→ **The task**: Transcribe exactly the line with "Mercedes-Benz C EY54 XEV" and each line that follows it in the listing, down to the last, omitting all pictures.

→ **Raw data**:

BEGIN

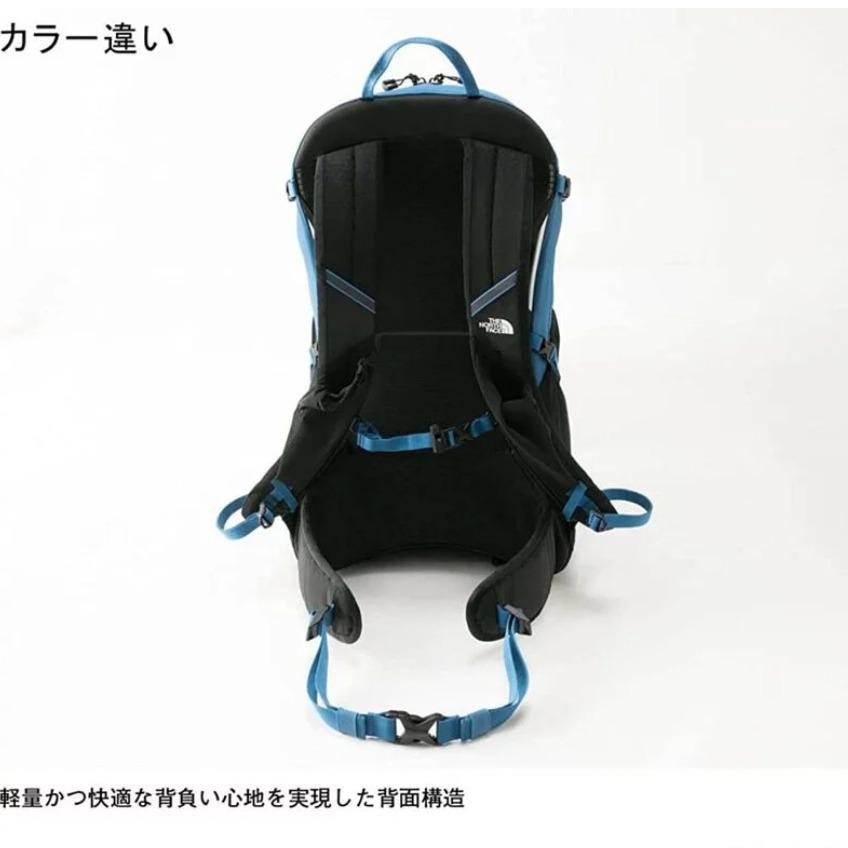 💥日本直送】The North Face Ouranos 25 背囊書包雙肩包背包徒步, 男裝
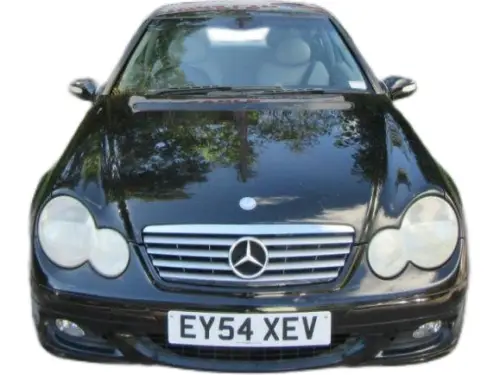 Mercedes-Benz C EY54 XEV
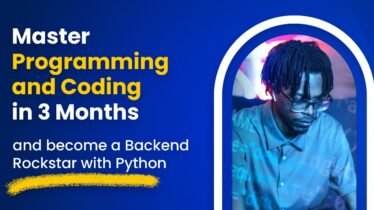 Backend Development with Python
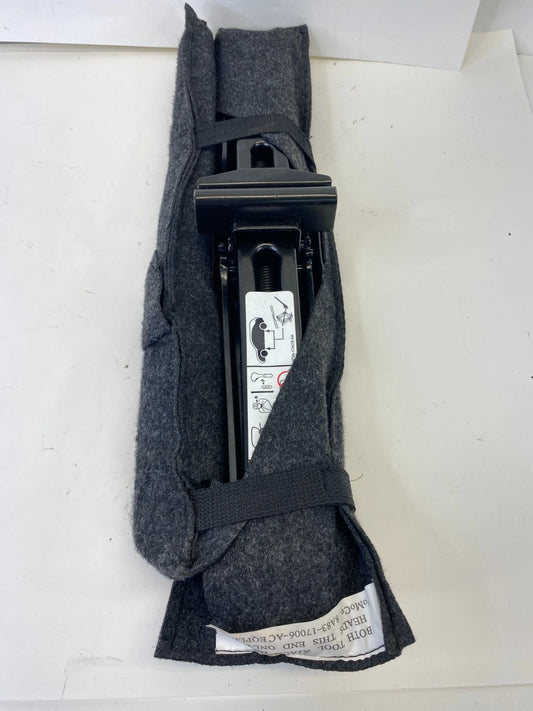 10-19 FORD TAURUS 13-19 INTERCEPTOR SPARE JACK TOOL KIT ASSY 8A83-17080-AC OEM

END

→ **Your solution**:
 Mercedes-Benz C EY54 XEV
 Backend Development with Python
 10-19 FORD TAURUS 13-19 INTERCEPTOR SPARE JACK TOOL KIT ASSY 8A83-17080-AC OEM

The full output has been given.